J. Leonard Sweeney and J. Russell Widener (Mr. Widener orally), for the plaintiffs.

Morris D. Stein (by brief and orally), for the defendant.


The defendant takes the position that the evidence conclusively established that the lease was “broken” by the lessees, and that no breach by the defendant lessor was established. The written lease given by the defendant required that the rent be paid advance, and provided that the lessor might reenter upon nonpayment of the rent, or “in case of the Lessees’ insolvency, or the institution of bankruptcy proceedings by or against them.” The evidence tended to show that the lessee Ray paid the rent until sometime in 1946, and that thereafter it was paid by the lessee Hotze, who made the last payment received by the defendant.
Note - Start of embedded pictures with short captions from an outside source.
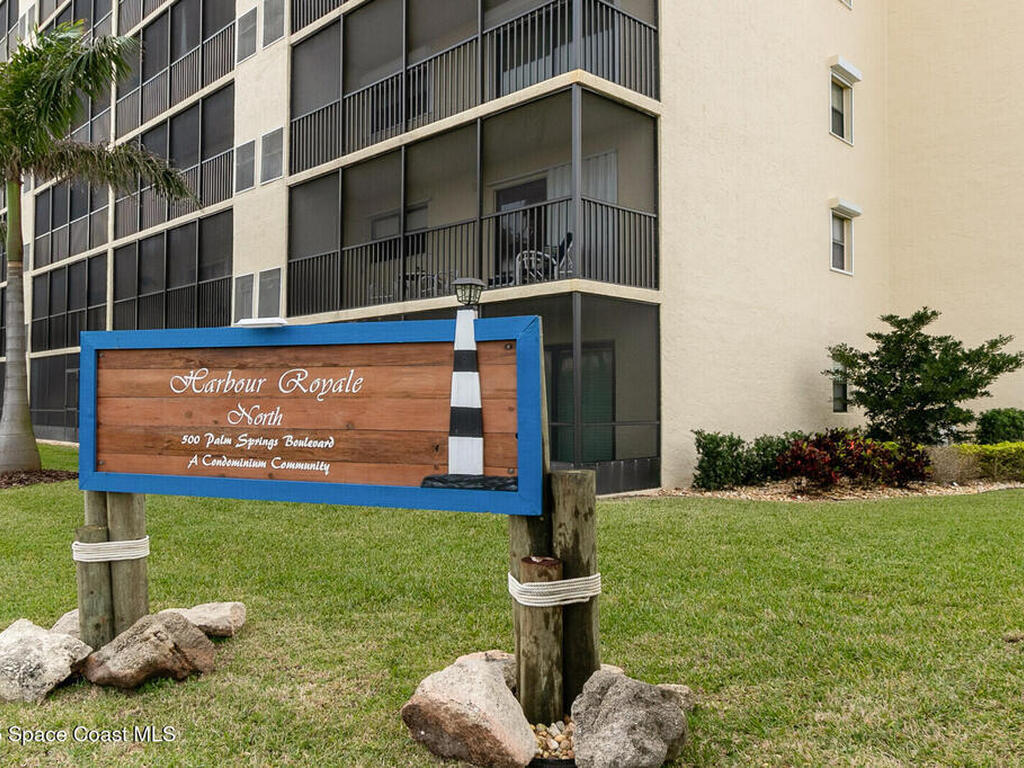 500 Palm Springs Boulevard, Indian Harbour Beach, FL 32937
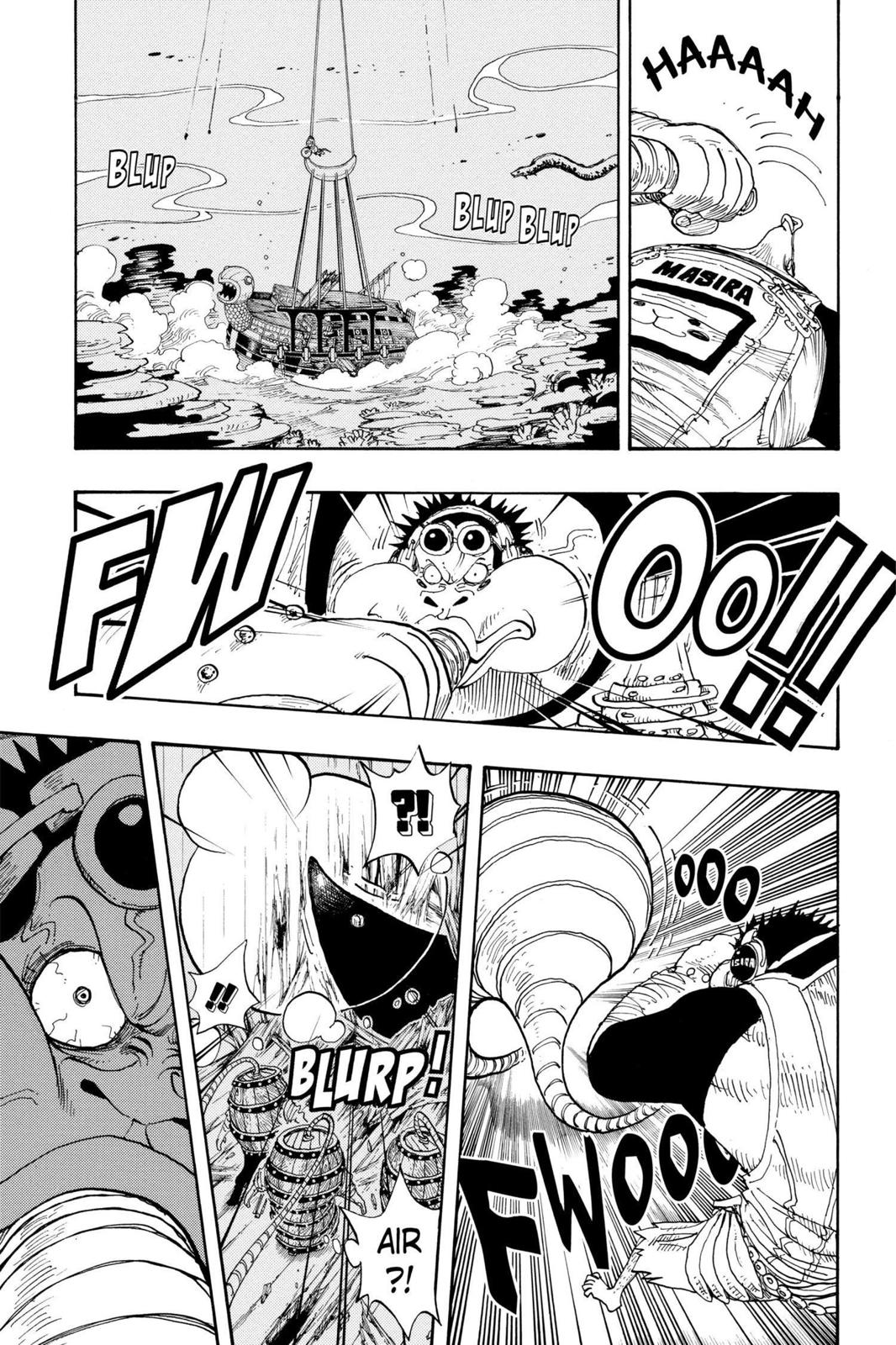 One Piece Chapter 220 - Page 11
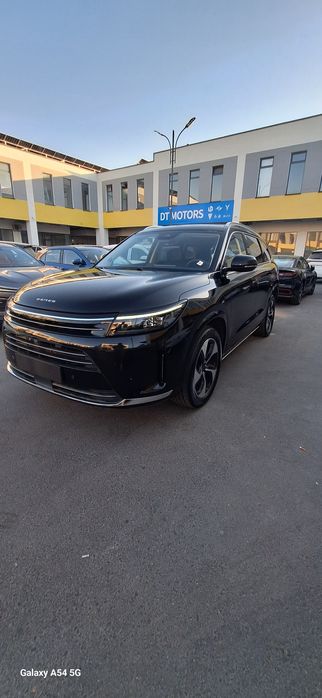 Seres 7 Гибрид 4WD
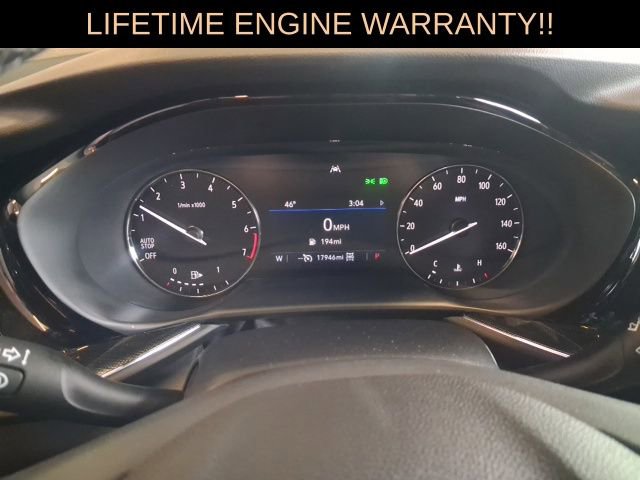 Used 2023 Buick Envision Preferred w/ Sport Touring Package image 10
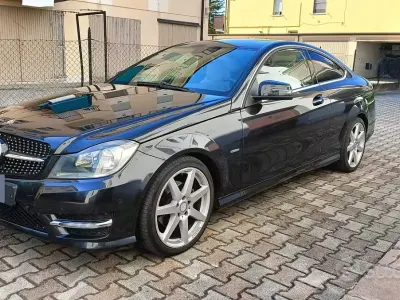 Usata Mercedes C220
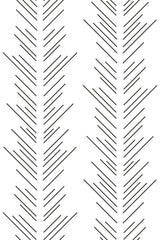 Herringbone lines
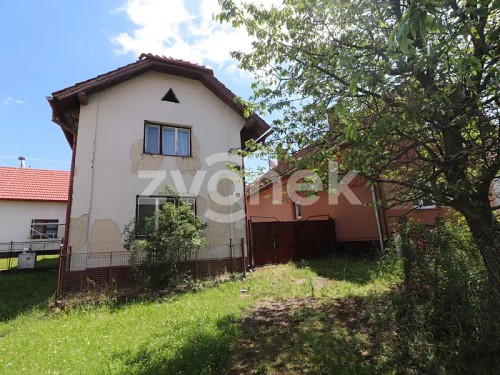 Prodej domu 100 m², pozemek 2453 m²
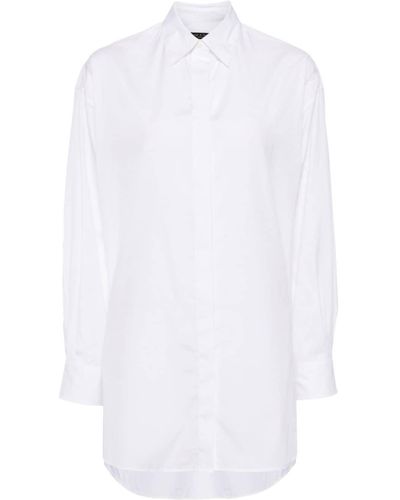 Rag & Bone Fia Cotton Shirt - White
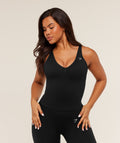 Lift Seamless Tank with Shelf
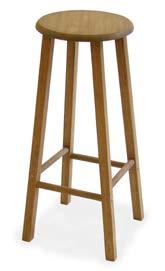 107003.29 Banqueta Veneza 72 Veneza Stool 72 Banqueta Veneza 72 84,4 40 41,6 cm 1x 7917170.XXX Linha Mestra Madeira 107304.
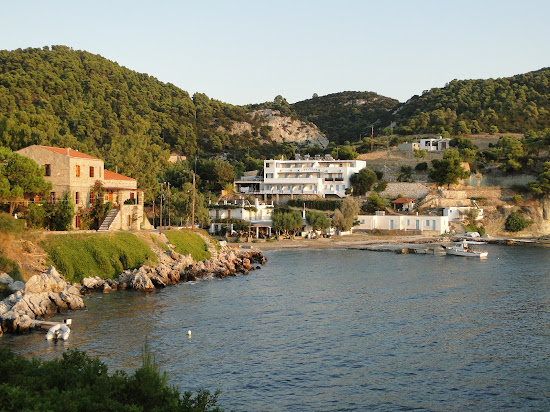 Atsitsa beach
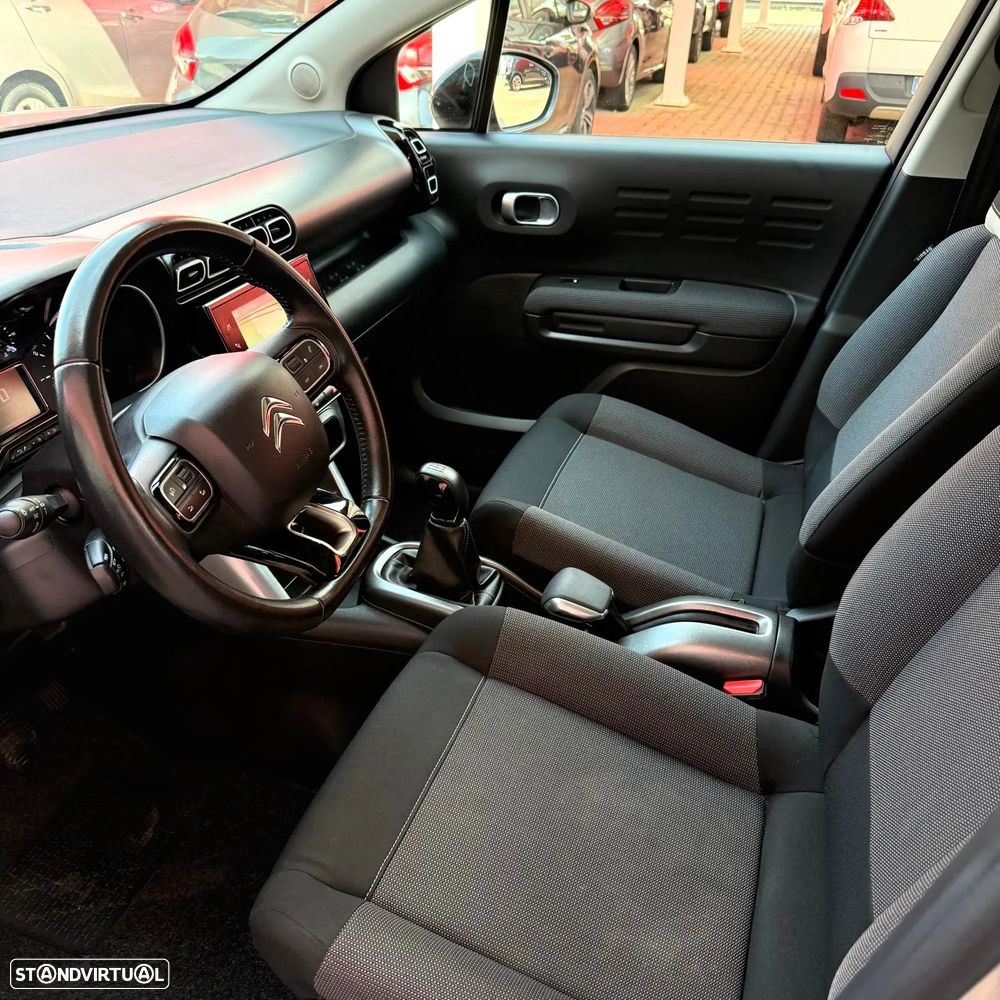 Citroën C3 Aircross 1.2 PureTech Shine - 10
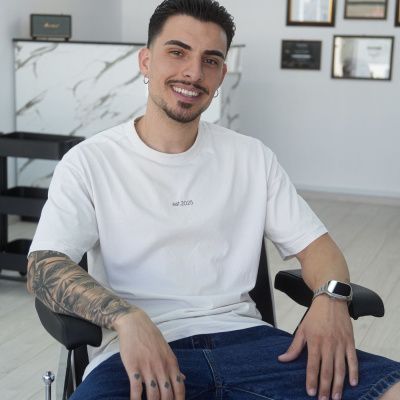 barber profile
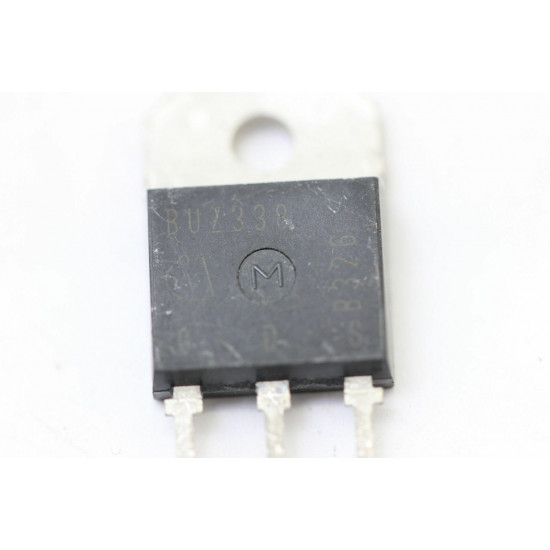 BUZ338 INFINEON TRANSISTOR NOS (New Old Stock). 1PC. C577U1F020916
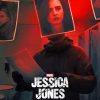 Marvel Jessica Jones paint by number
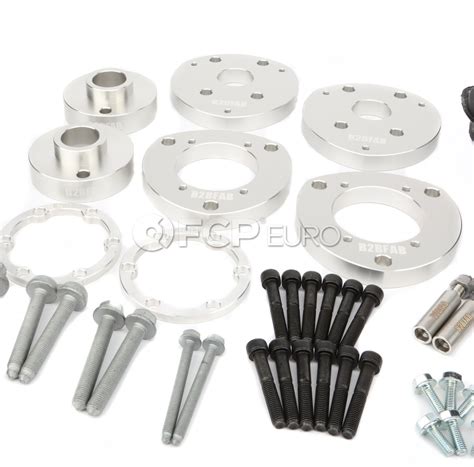 VW Complete Lift Kit Package - B2BFAB ALLTRACKLKPC | FCP Euro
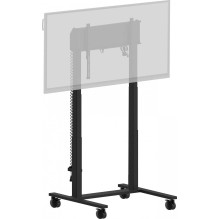 Iiyama MD-CAR2031-B1 120kg Juoda Iiyama MD-CAR2031-B1 120kg Juoda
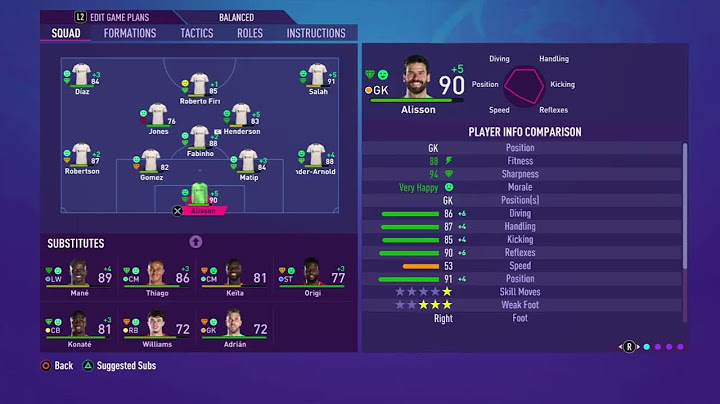 CRYSTAL PALACE - LIVERPOOL 0:6 [23.kolo Premier League] FIFA22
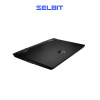 Купить 17.3" Игровой ноутбук MSI Alpha 17, Ryzen 9 7940HX, IPS 2K 240Гц, RTX 4070, RAM 32ГБ, SSD 1ТБ, C7VG-046CN, Windows 11 Home, Русская раскладка, Чёрный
The defendant testified that at some time before the last payment he learned that Hotze was in bankruptcy, and that shortly after the payment Hotze indicated to him that “he could carry on no longer.” The defendant first testified that “at no time” did the lessees refuse to pay the rent according to the agreement; but he later testified with respect to the last payment, made by Hotze: “That was thirty days in advance this man paid and he never paid since. There was some fifteen days, yes, I take it back. There was some fifteen days delinquent,” and again: “And I said a few minutes ago they had paid up to the minute, but there was fifteen days delay . . . .”

The date of the new lease to Rubenstien did not appear, but the evidence tended to show that shortly prior thereto a corporation in which the original lessees were interested and which had operated the bowling alleys transferred to Rubenstien its title to the fixtures in the defendant’s building. It also appeared that under date of September 9, 1947, the lessee Ray executed a release in favor of the defendant discharging him of all claims by reason of the lease. Ray testified that any papers which he signed were executed in connection with the sale of the fixtures to Rubenstien. The defendant testified that the new lease was drawn up the day after the sale.

The last payment by the defendant to the plaintiffs was made on September 15, 1947, and the evidence indicated that payments were regularly received by the plaintiffs prior to that date. The date of the last payment by Hotze to the defendant did not appear.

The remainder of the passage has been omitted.